It's not just about perception. In their early days, they used to advertise
themselves as a "Free SMS" service, at least in Portuguese.

> Actually there are carriers in Brazil that allow free connection to WhatsApp
> server even if you have a limited connection plan...

This is very recent, after they got massive.

------
dzamo_norton
Standards defiance notwithstanding, the web client appears to work as
advertised and will surely save many a neck and thumb from premature aging.

It's interesting at this point to think about identity and authentication in
WhatsApp. They've never had a username or password and their use of your
mobile phone number as your identity seems to have been key to their success
(the other factor I'd cite is good cross-platform support).
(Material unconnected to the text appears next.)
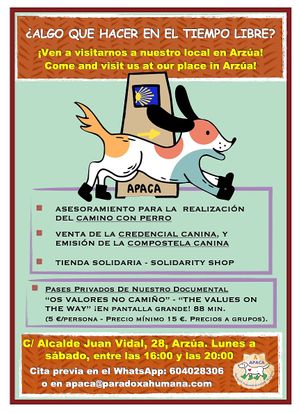  at Asociación Protectora Animales del Camino (APACA) in Arzua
WhatsApp authn on mobile consists of a once-off SMS verification to confirm
you are running WhatsApp on the mobile device hosting the SIM card
corresponding to the phone number identity you've claimed for yourself. That
said, I recently saw a case of someone using a temporary pre-paid SIM card
while she was traveling here in South Africa yet her WhatsApp messages from
that phone still appeared to come from her New Zealand number. Not sure how
that passed the authn.

The lack of username and password, I believe, is what has led to some of the
unnaturalness of the WhatsApp web app. I don't think that their remarks of
"the web browser mirrors conversations and messages from your mobile device --
this means all of your messages still live on your phone." reveal all of what
guided their design choices. I also doubt that they "don't get the web".
Instead I think they need the phone there and online because they have no
username and password (or other device-independent authn) and they have
thought quite carefully about protecting what got them ahead of the myriads of
other perfectly functional IM apps out there in the first place.

------
robinhood
I don't understand why you think the biggest SMS system in the world (which it
is in practice) should open its API or use non-proprietary system. Moreover
you have absolutely no knowledge whatsoever on their technical infrastructure
or their constraints as a business and a technology company. Making this kind
of blog post, based on arguments made out of thin air, is the same as putting
a redesign of Amazon on Dribbble and bitch about their current design.

------
antbbn
Can it be a money issue? Remembering that WhatsApp is not free, the 1$ for a
year of service should be how they make money (I think they did a very good
job there because no one that I know remembers that). Maybe the on-line phone
solution suits them technically and economically, because they don't want to
provide you with an alternative client that you might use for free. As they
say this is simply and extension of the phone client.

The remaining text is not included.